- JOBS Act -- Will It Make Capital More Accessible for My Business?
- April 10, 2012 | Authors: C. Alex Frutos; Kevin A. Jones; Shakeeb U. Mir
- Law Firm: Jackson Walker L.L.P. - Dallas Office
After being approved by Congress with wide bipartisan support, on April 5, 2012, President Obama signed into law the Jumpstart Our Business Startups Act (the "JOBS Act"). The JOBS Act is an amalgamation of various bills the combined impact of which is intended to provide entrepreneurs, start-ups and small businesses increased access to the capital markets while at the same time provide average investors increased investment opportunities. The JOBS Act considerably alters the regulations surrounding public and private security offerings and, for certain issuers with revenues of less than $1 billion, reduces the burden of certain periodic reporting obligations.
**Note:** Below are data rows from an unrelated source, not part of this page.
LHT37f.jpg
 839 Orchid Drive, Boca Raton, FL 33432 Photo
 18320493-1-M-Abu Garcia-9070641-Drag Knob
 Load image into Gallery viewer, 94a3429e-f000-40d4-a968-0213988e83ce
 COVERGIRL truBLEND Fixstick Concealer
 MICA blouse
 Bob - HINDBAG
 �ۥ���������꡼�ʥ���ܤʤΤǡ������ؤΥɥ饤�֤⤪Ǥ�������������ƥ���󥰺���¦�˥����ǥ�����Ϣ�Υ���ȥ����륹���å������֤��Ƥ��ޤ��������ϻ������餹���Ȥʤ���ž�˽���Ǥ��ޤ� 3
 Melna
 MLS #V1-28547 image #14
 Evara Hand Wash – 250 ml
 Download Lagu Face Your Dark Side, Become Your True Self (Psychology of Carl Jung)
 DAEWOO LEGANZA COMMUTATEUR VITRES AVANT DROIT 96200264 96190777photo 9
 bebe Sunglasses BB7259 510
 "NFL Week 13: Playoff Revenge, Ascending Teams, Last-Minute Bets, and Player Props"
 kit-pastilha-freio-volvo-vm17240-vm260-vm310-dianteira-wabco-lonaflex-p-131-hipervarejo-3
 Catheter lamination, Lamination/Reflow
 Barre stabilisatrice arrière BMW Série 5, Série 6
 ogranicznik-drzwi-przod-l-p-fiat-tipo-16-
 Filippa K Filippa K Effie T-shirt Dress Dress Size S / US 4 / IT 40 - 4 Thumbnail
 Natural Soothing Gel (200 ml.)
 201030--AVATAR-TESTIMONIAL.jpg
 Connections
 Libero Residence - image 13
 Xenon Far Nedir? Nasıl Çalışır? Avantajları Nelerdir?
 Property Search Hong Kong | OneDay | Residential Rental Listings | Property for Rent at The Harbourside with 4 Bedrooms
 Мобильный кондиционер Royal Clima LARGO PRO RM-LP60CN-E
The JOBS Act impacts capital raising and public company registration and reporting in a multitude of ways, including facilitating initial public offerings ("IPOs") for a new category of so-called emerging growth companies (companies with less than $1 billion in total gross revenues), expanding private offering exemptions and capital-raising options, increasing the amount of information available about emerging growth companies, and significantly increasing shareholder record thresholds that trigger public company registration under the Securities Exchange Act of 1934 (the "Exchange Act"). The JOBS Act accomplishes this through six titles as follows:
- Title I-eases the IPO process and ongoing public disclosure of new public companies.
- Title II-allows general solicitation and advertising in offerings under Rule 506 of Regulation D.
- Title III-creates a new registration exemption for "crowdfunding."
- Title IV-creates a new exemption for public offerings of $50 million or less.
- Titles V & VI-increases the shareholder threshold for reporting under the Exchange Act.